**TASK INSTRUCTIONS:**
Skip every picture, and output exactly the lines starting at the one with "Detailed close-up of" and running through the last line of the material below.

**DATA EXCERPT:**

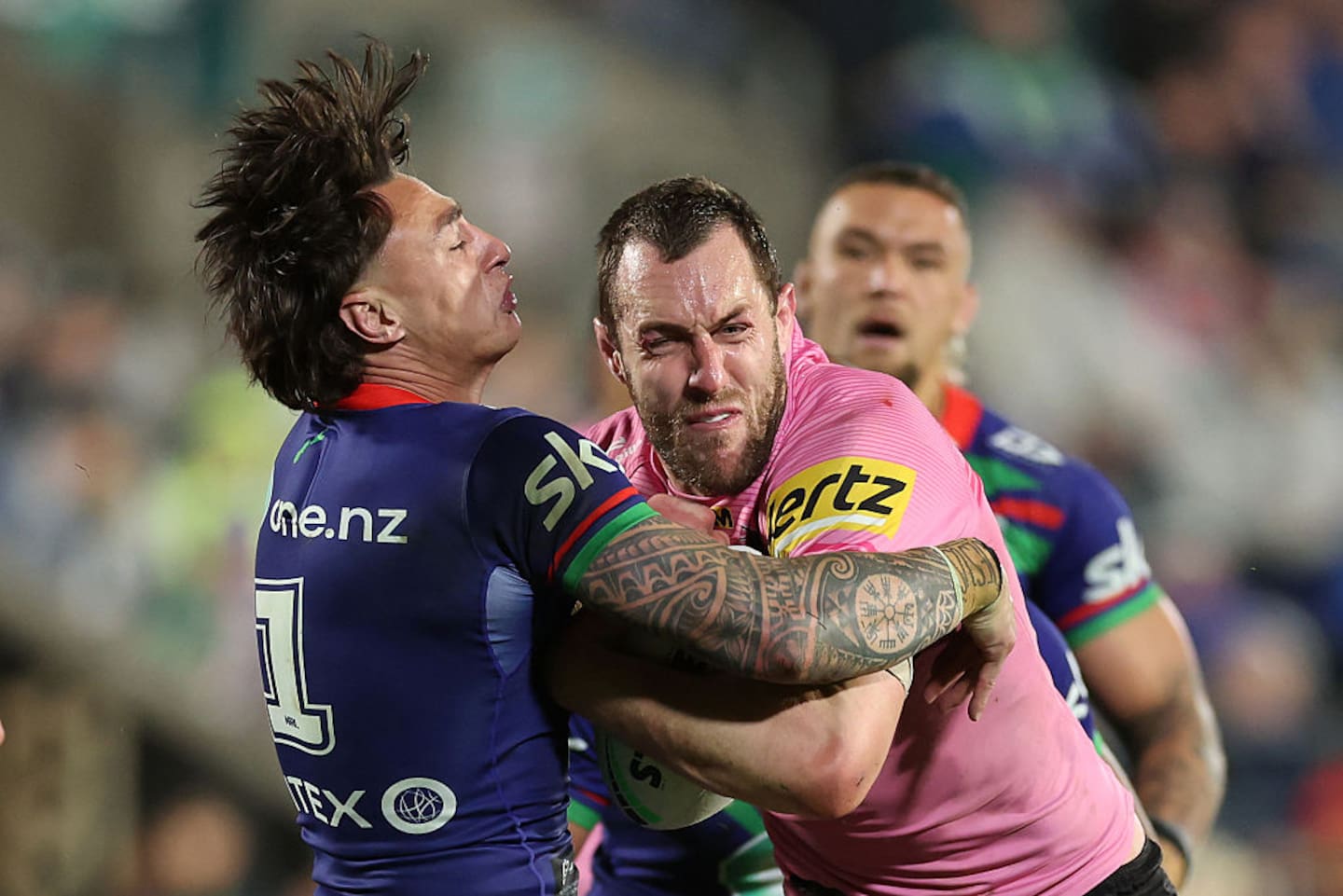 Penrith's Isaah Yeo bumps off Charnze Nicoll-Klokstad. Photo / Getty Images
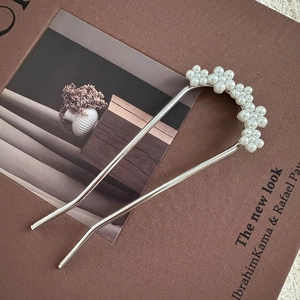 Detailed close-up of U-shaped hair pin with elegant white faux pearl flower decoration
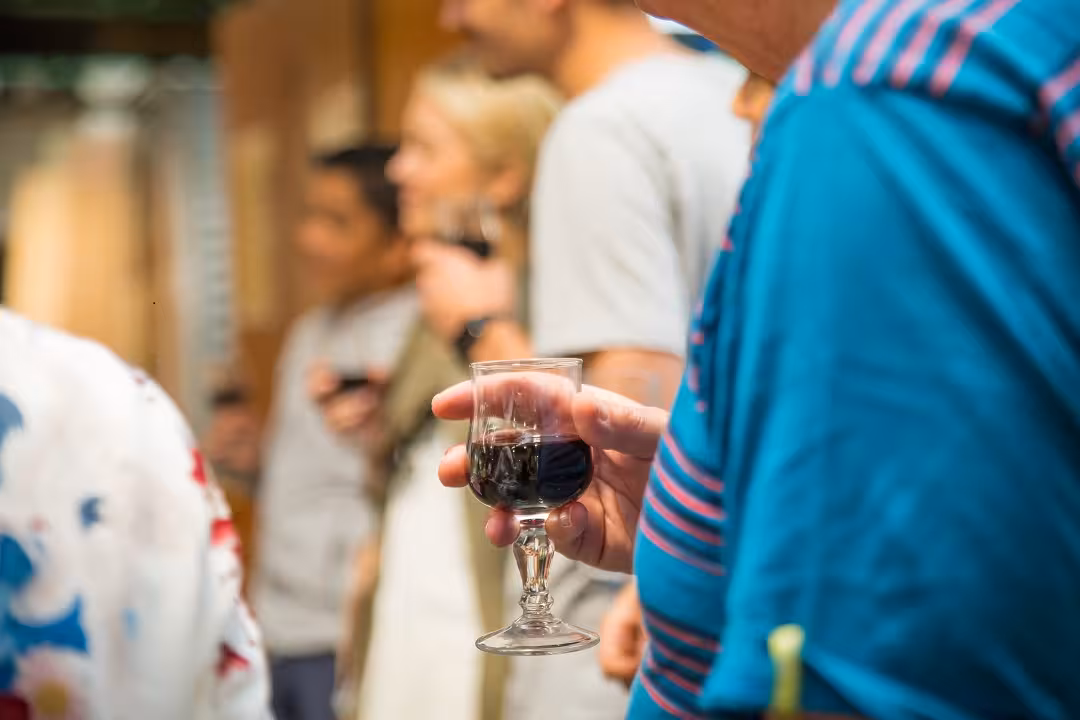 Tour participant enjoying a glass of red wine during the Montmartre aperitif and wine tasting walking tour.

**EXPECTED ANSWER:**
 Detailed close-up of U-shaped hair pin with elegant white faux pearl flower decoration
 Tour participant enjoying a glass of red wine during the Montmartre aperitif and wine tasting walking tour.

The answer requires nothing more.